The tours start at the top of the hour as of 9 a.m. The duration of each tour is approximately 40 minutes. The number of participants in the public tours is now full.
The guided tours are realised in collaboration between the city of Helsinki, Helen and Open House Helsinki.
The new purpose of the valuable building is still under examination
The Hanasaari B power plant, designed by architect Timo Penttilä, started operating in 1974. The nearly 50-year-old building has become a familiar landmark to the residents of Helsinki. At the moment, instead of using boilers and turbines, the work inside the building includes preparations for making the inside area safer.
The city is examining the potential new purpose of the power plant building with considerable culture historical significance.
“There is plenty of interest towards Hanasaari B, which is no longer used as a power plant.

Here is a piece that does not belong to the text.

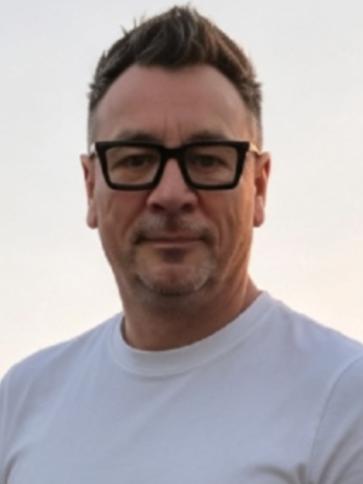 Balázs, 53 éves zalakarosi társkereső férfi profil fotója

We are happy to offer residents a chance to get to know this unique power plant building,” says Chief Design Officer Hanna Harris from the City of Helsinki.
The coal pile at the extremity of Hanasaari will also be emptied, and the entire area will be released for urban development. An amendment to the local detailed plan, currently in preparation, will enable residential building in the area, mainly in the form of blocks of flats. The old power plant building is not part of the planning area in the scope of the amendment.

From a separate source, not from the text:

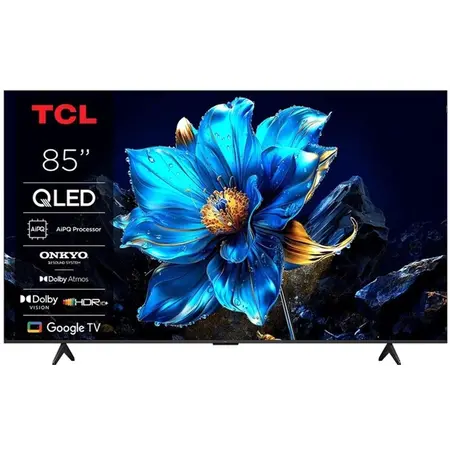 Телевізор TCL QLED 85" 85P71K Зображення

Emissions of the City of Helsinki decreased significantly after the closure
The city’s goal is to be carbon neutral by 2030. The City Council decided on the closure of the coal power plant in 2015.
As the power plant ended operations, the city’s emissions will decrease by approximately 20 per cent, and Helen’s carbon dioxide emissions decreased by 40 per cent. In recent years, Hanasaari has produced approximately two per cent of Finland’s emissions, so the impact of the closure is significant also on a national level.